I of course hear you on the benefits of domain driven design, and the importance of CQS, encapsulation, ease of creating unit tests, etc... I agree whole heartedly that all of these concepts should drive our development strategies. But the moment our development strategy breaks major user functionality (and most importantly, the ability to trust that your data is accurate), that is the moment we need to stop and re-evaluate our development strategy. More important than making sure our customers understand how our products work, is making sure we still have customers who want to use our products to begin with.
We use SKU's that match our suppliers SKU so it is easy to pick products. We change SKU's on our live site for the following reasons. 1) Change of supplier, we alter SKU's to match the new suppliers SKU. 2) Supplier changes part numbers, this has happened on a few occasions for a bulk of products from that supplier. 3) Typing mistakes when originally added.
Igor, haven't heard from you since my last post. This appears to be a concern some others in the community are concerned about. Is this something you guys are re-deliberating internally?
Thanks again.
Hi @michaeljdietz
Sorry for not answering you for a while. I was very busy with MSI 1.1.0 release preparation. Hopefully, it should happen during this week. As soon as the release is done - I'll get back to this discussion.
FYI a week ago I brought this question to public discussion in Tweeter - https://twitter.com/iminyaylo/status/1091736497273925632 here you can get familiar with results.
Hi @timpea
Great points described!
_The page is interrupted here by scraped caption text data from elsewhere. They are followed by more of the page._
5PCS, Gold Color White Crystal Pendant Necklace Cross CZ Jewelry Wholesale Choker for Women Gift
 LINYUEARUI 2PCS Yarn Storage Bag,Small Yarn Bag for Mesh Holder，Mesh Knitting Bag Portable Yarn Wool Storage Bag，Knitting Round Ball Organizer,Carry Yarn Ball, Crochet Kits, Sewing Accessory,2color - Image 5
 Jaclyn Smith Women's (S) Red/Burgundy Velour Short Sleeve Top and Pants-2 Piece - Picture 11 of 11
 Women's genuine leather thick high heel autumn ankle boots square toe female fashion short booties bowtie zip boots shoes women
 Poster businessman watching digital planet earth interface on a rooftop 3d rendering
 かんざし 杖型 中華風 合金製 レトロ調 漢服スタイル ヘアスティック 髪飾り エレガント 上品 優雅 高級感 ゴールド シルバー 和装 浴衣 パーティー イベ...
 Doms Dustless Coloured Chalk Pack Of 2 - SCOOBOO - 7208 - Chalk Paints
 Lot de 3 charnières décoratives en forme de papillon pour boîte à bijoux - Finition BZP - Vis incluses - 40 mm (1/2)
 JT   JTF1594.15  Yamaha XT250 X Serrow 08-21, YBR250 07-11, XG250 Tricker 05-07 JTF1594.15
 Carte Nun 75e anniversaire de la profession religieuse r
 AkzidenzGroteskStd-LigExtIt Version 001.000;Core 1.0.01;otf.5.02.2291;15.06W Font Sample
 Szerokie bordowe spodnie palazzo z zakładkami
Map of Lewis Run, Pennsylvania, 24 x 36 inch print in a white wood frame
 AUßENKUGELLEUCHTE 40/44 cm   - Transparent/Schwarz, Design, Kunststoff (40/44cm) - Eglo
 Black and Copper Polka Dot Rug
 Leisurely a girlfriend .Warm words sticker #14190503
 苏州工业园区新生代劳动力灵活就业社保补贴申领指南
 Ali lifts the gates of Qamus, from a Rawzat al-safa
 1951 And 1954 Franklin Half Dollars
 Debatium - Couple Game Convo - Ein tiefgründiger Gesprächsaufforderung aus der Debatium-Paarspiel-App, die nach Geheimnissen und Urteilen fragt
Just several questions to you.
- Change of supplier, we alter SKU's to match the new suppliers SKU.
Thus, it's not a typical day to day operation, and you proceed with it once you have a new supplier, as a part of preparation. Why the tool which will do this transformation and would guarantee data consistency would not work for you?
- Supplier changes part numbers, this has happened on a few occasions for a bulk of products from that supplier.
How do you keep the consistency between the stored data in Magento and data arrived from an external system where supplier changed SKU?
- Typing mistakes when originally added.
This is currently could be overpassed with Cloning product functionality, and fixing SKU for a cloned product.
The main question in the scope of this discussion as for me - whether we should treat SKU exactly the same as other product attributes (and modify it accordingly) - or provide some additional meaning to it, and do not let to change it via Service Layer, leaving the possibility of modification via dedicated tools
Preconditions
Steps to reproduce
Expected result
Actual result
Discussion
Unfortunately, this is what happens when you relate on a business field rather than a surrogate key. The inventory_reservation and inventory_source_item tables use SKU to identify products instead of entity_id/product_id. This causes a MAJOR issue if SKU is changed in the admin interface, as the reservations are no longer associated with the product. Why are we using ANYTHING other than a surrogate key to relate data? A little bit alarming from a development-standpoint to see this happen in the codebase. I have a hard time imagining a business case where it makes sense not to use the surrogate key -- like we have been doing with the Magento framework since the early days of v1. Am I missing something? I am sure it could be fixed with an observer or plugin, but it seems risky to start introducing these kind of data integrity risks into the framework for no reward. If you would like the ability to have varying SKUs for different warehouses or something, seems we should still be relating on a surrogate key, whether it is product_id, stock_item_id, or something else.